Supplied information:
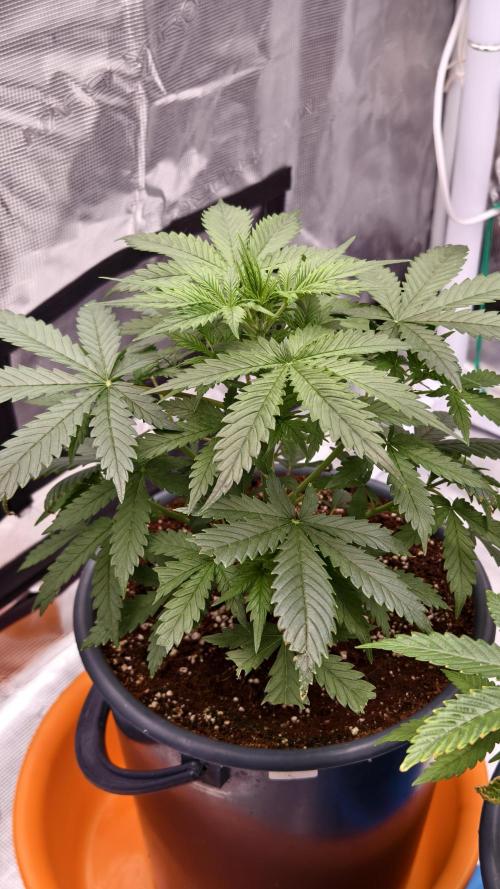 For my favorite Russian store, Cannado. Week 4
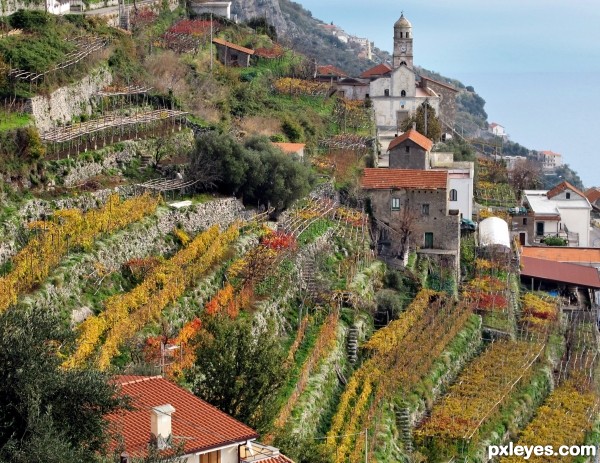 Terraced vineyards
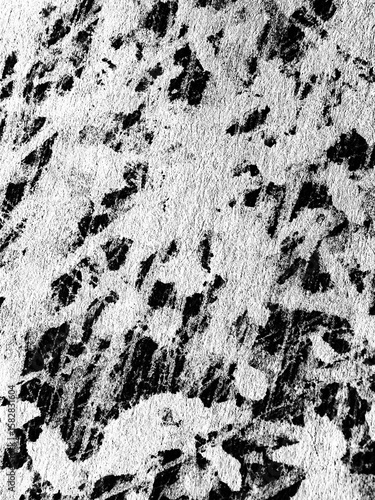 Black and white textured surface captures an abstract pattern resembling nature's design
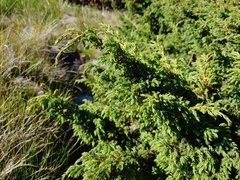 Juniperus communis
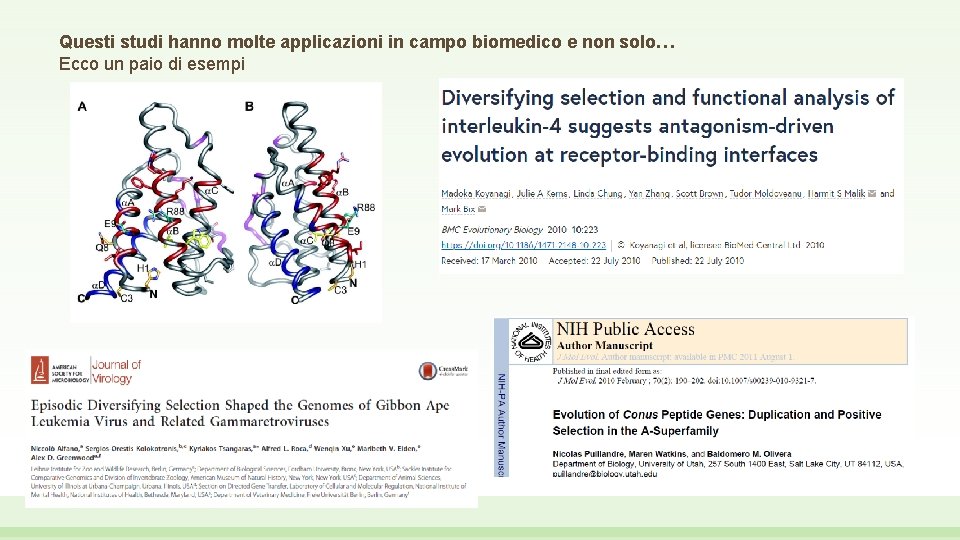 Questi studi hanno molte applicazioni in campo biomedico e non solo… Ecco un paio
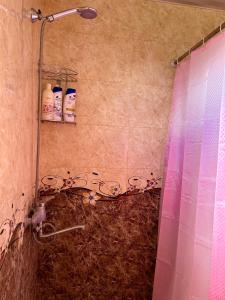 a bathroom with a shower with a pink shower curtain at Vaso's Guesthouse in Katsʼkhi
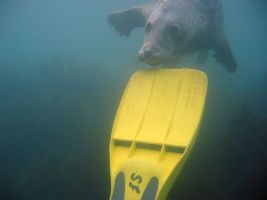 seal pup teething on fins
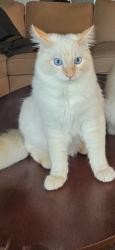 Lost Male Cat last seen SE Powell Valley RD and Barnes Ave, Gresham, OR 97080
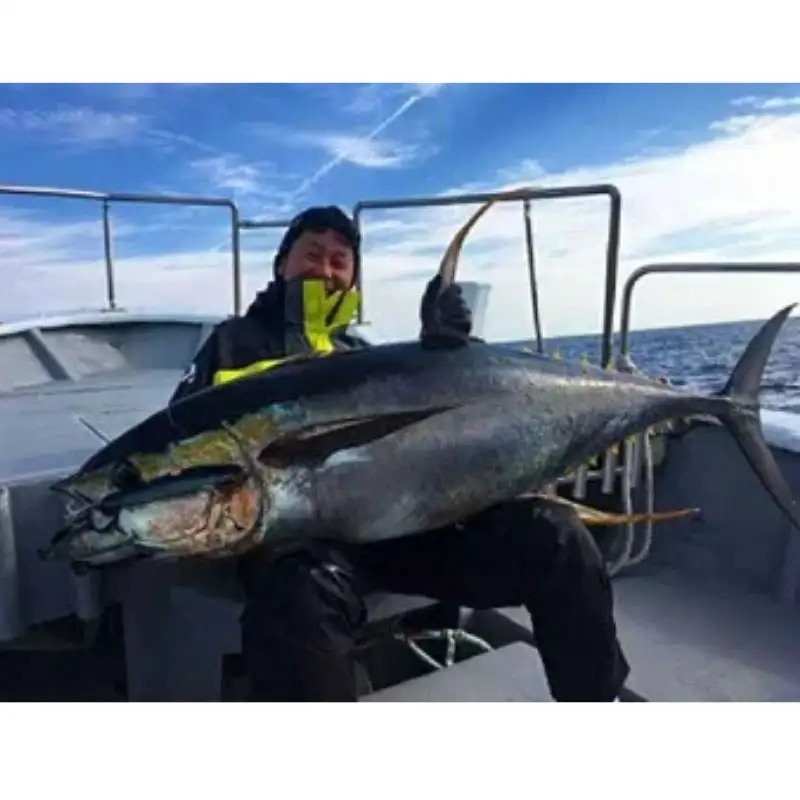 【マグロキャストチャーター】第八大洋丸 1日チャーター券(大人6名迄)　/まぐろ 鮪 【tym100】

How to complete this task: Copy the entries above faithfully and omit every image.

Your solution:
 For my favorite Russian store, Cannado. Week 4
 Terraced vineyards
 Black and white textured surface captures an abstract pattern resembling nature's design
 Juniperus communis
 Questi studi hanno molte applicazioni in campo biomedico e non solo… Ecco un paio
 a bathroom with a shower with a pink shower curtain at Vaso's Guesthouse in Katsʼkhi
 seal pup teething on fins
 Lost Male Cat last seen SE Powell Valley RD and Barnes Ave, Gresham, OR 97080
 【マグロキャストチャーター】第八大洋丸 1日チャーター券(大人6名迄)　/まぐろ 鮪 【tym100】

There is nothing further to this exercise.